List all functions in the organization.

Returns:

Type Description
list[dict]

List of function dictionaries with id, name, parameters, etc.

Raises:

Type Description
RuntimeError

If listing functions fails.

Source code in python/gfhub/client.py
def list_functions(self) -> list[dict]:
    """List all functions in the organization.

    Returns:
        List of function dictionaries with id, name, parameters, etc.

    Raises:
        RuntimeError: If listing functions fails.
    """
    return json.loads(self._client.list_functions())

pipeline_url

pipeline_url(pipeline_id: str) -> str

Get the pipeline url for a certain pipeline id.

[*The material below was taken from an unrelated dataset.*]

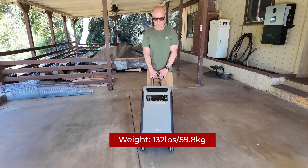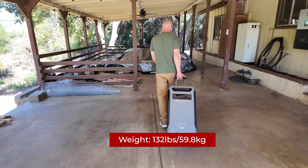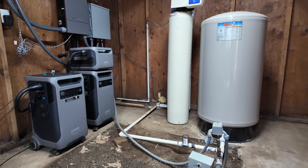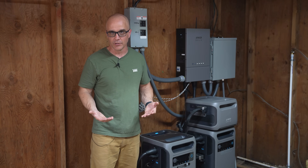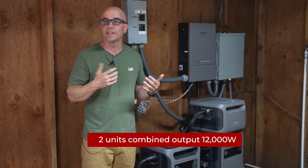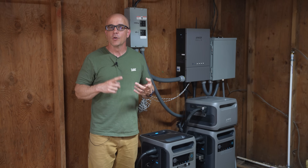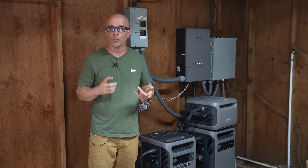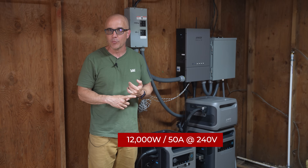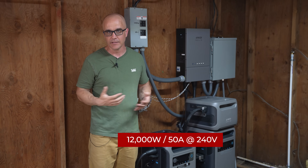Regarding weight and mobility, it's definitely heavy at 132 pounds, but it has wheels and a suitcase handle that extends out allowing you to easily move it around. Can the F3800 Plus reliably power a well pump? I've had this system set up with solar for over two weeks powering the well. With two F3800 Plus units connected we've achieved a combined output of up to 12,000 watts. This well only uses about 2,000 watts so one unit will easily power it, and as long as your well doesn't draw more than 12,000 watts or 50 amps at 240 volts, a system like this would handle it easily.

Source code in python/gfhub/client.py
def pipeline_url(self, pipeline_id: str) -> str:
    """Get the pipeline url for a certain pipeline id."""
    return os.path.join(self.host, "pipelines", str(pipeline_id))  # noqa: PTH118

query_files

query_files(*, name: str | None = None, tags: Iterable[str] = ()) -> Entries

Query files by name pattern and/or tags.

Parameters:

Name Type Description Default
name str | None

Optional filename pattern to filter by. Supports glob patterns: - Exact match: "lattice.gds" (case-insensitive) - Glob pattern: ".csv", "data.parquet", "lattice*"

None
tags Iterable[str]

Optional list of tags to filter by. Files must have ALL given tags. Supports wildcards (e.g., "wafer_id:*") to match any parameter value.

()

Returns:

Type Description
Entries

Dictionary containing a list of matching files with their metadata.

Raises:

Type Description
RuntimeError

If the query fails.

Examples:

# Find all CSV files by extension tag
client.query_files(tags=[".csv"])

# Find files by exact name (case-insensitive)
client.query_files(name="lattice.gds")

# Find files by glob pattern
client.query_files(name="*.csv")
client.query_files(name="data*.parquet")

# Find files with specific parameter values
client.query_files(tags=["wafer_id:wafer1", ".parquet"])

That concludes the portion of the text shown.